Le 25 septembre 2009, l’ADEME, RFF et la SNCF ont présenté le premier Bilan Carbone® ferroviaire global. Quels en sont les enjeux et quel est son objectif principal ?
En premier lieu, la mise en place de ce premier Bilan Carbone® global a permis de positionner le transport ferroviaire et plus particulièrement la grande vitesse par rapport aux autres modes de transports. La loi Grenelle 1 affiche un objectif de réduction de 22% des gaz à effet de serre (GES) d’ici 2020 pour la France. L’objectif a donc été d’identifier parmi les principaux postes où se situaient les émissions majoritaires de GES et ceux pour lesquels des gains pouvaient être réalisés.

De quelle manière le périmètre de l’étude a-t-il été défini ?
Nous avons souhaité une approche la plus globale possible. C’est ainsi qu’ont été pris en compte les éléments relatifs aux études, à la construction de l’infrastructure et des équipements et enfin tout ce qui concerne l’exploitation (coût carbone des 30 rames supplémentaires qui circuleront sur cette nouvelle ligne, opérations d’exploitation et de maintenance de la ligne et des bâtiments, mais aussi la construction des deux gares nouvelles, Besançon – Franche-Comté TGV et Belfort-Montbeliard TGV). Une démarche spécifique a été menée concernant l’évolution sur les 30 ans d’exploitation de l’équivalent carbone de l’électricité consommée. En outre, nous avons estimé la part de transfert des usagers de la voiture et de l’avion vers le train et les émissions des véhicules.
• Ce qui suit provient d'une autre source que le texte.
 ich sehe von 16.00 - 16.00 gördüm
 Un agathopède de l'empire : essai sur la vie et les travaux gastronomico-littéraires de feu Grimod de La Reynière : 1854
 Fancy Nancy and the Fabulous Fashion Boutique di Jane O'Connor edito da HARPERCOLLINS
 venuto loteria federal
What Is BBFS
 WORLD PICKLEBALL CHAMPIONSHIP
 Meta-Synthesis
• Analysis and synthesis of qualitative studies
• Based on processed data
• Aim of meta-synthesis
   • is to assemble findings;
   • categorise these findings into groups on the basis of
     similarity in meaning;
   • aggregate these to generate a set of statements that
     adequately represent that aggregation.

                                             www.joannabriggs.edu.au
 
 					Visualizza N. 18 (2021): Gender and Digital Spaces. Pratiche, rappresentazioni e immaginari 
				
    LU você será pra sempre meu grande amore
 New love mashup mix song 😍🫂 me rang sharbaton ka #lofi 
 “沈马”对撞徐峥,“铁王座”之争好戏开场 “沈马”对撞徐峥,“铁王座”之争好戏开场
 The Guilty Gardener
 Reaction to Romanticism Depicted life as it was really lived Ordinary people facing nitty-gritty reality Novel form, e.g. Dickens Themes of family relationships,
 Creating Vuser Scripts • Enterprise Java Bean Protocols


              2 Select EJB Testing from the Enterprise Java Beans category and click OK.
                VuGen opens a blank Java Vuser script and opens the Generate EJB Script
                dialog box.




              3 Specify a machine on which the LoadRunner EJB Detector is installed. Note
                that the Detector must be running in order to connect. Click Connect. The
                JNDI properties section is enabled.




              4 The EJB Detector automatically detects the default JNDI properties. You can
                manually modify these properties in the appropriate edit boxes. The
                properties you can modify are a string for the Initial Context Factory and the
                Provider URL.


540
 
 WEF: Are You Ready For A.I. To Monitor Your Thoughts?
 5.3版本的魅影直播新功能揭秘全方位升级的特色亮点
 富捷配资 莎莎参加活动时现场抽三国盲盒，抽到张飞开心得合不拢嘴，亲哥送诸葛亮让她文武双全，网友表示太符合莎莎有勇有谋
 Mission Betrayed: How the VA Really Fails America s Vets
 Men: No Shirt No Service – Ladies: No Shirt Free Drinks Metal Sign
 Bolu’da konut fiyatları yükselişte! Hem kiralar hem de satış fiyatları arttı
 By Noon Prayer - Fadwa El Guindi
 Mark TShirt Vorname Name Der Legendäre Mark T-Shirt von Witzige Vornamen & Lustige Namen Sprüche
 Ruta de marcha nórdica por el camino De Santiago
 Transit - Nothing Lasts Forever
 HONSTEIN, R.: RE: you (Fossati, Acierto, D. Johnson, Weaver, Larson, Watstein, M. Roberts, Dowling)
Quels sont les premiers résultats de cette analyse ? Cette méthodologie est-elle applicable à d’autres secteurs ?
Dès 2024, soit seulement 12 ans après sa mise en service, la LGV Rhin-Rhône deviendra ‘‘carbone positif’’. La rentabilité carbone augmentera ensuite tous les ans. De ces premières analyses, il ressort que sur un premier cycle de 30 ans, c’est l’exploitation qui émet le plus de GES, dont 53% issus de l’énergie de traction et 42% des travaux initiaux de construction. Au niveau de l’exploitation, la part énergie représente 90% des émissions de GES contre 10% pour la maintenance des rails et de la ligne. Concernant l’application à d’autres secteurs, nous avons conscience de la complexité du sujet. Par exemple, le choix d’utiliser des matériaux de terrassement disponibles localement semblait judicieux, mais les conditions climatiques défavorables durant les travaux ont conduit à une plus grande consommation de liants, générateurs d’autant de GES.
La méthode Bilan Carbone® peut être aujourd’hui appliquée à de multiples projets (infrastructures de transport, construction de nouveaux quartiers…) en l’adaptant si nécessaire avec des données spécifiques au secteur concerné. Le travail réalisé en partenariat avec la SNCF et RFF devrait enrichir les réflexions pour déterminer une méthodologie commune aux différents moyens de transport pour le calcul de leurs émissions de CO2.

Quels sont les messages principaux à retenir de ce premier Bilan Carbone® ferroviaire global ?
Le défi face aux changements climatiques et à la disparition des ressources d’énergies fossiles nous impose aujourd’hui de concevoir autrement l’organisation de la société. Il ne s’agit pas de jouer la voiture ou l’avion contre le train, mais d’adapter nos modes de déplacement et notre mobilité à la contrainte du développement durable.